La maniobra del PP tuvo dos caras. Por un lado, en lo público, silencio sobre las perlas del discurso ultra; por otro, en lo parlamentario, un no rotundo en la votación que tumbó la moción. Antes había presentado una enmienda alternativa, más suavizada, pero que —según el propio texto y la discusión— asumía la filosofía de la “prioridad nacional” plasmada en el pacto de Extremadura que llevó a María Guardiola a la presidencia autonómica. Vox la rechazó por creer insuficiente su literalidad.

Esa contradicción no es baladí: el PP evita confrontaciones que politicen su relación con la extrema derecha en el pleno, pero acepta en territorios el acuerdo que legitima políticas de exclusión. La escena en la Cámara dejó además otra imagen: parte del hemiciclo ignoró el debate; ERC, Junts y EH Bildu se ausentaron; el PNV advirtió que las propuestas de Vox chocan con el “acervo civilizatorio europeo”; y voces de la izquierda imputaron racismo a los ultras.

Lo ocurrido desnuda una estrategia híbrida que varios partidos practican: en el parlamento nacional, distancia formal; en las autonomías, acomodamiento práctico.
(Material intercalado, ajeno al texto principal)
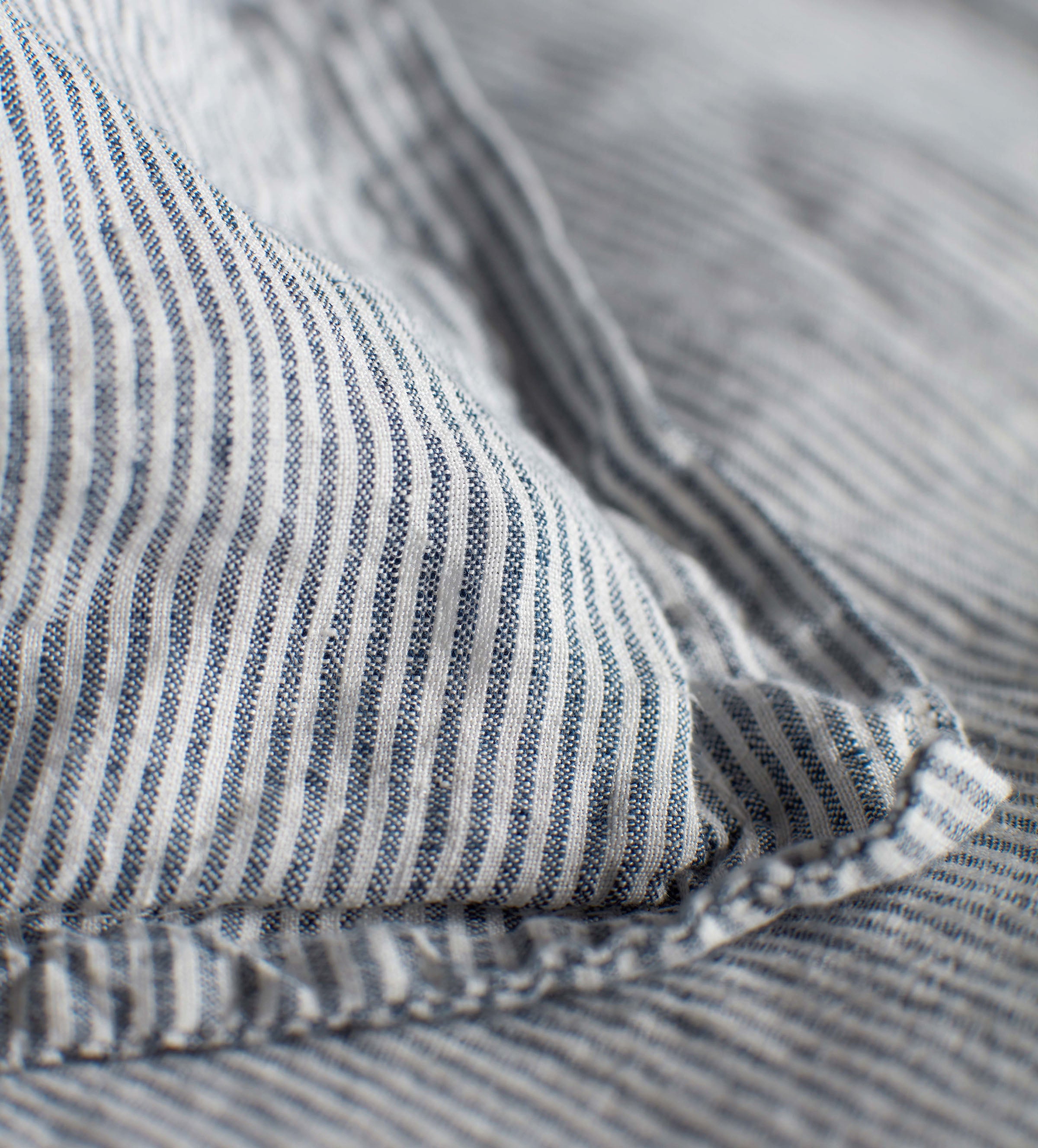 LINEN SID STRIPE BED LINEN CORNER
Es una fórmula que evita pagar el coste político inmediato del choque mediático pero que instala, simultáneamente, normas y discursos de exclusión en la praxis autonómica. Y es también un aviso: la política del silencio y la omisión tiene efectos, porque deja sin deslegitimar públicamente ideas que otros elevan a programa.

El Congreso dictó, por ahora, una resolución minoritaria: la moción de Vox fue tumbada. Pero la conversación pública, la contienda de ideas y la evidencia de compromisos autonómicos quedan en pie. Y en esa tensión se juega una parte sustancial del porvenir cívico: si se defiende la universalidad de derechos o se abre paso la prioridad por nacionalidad, con sus consecuencias sociales y morales. El ciudadano merece saber qué decide cada fuerza no solo en el voto final, sino en el discurso y en los pactos que firma fuera del foco.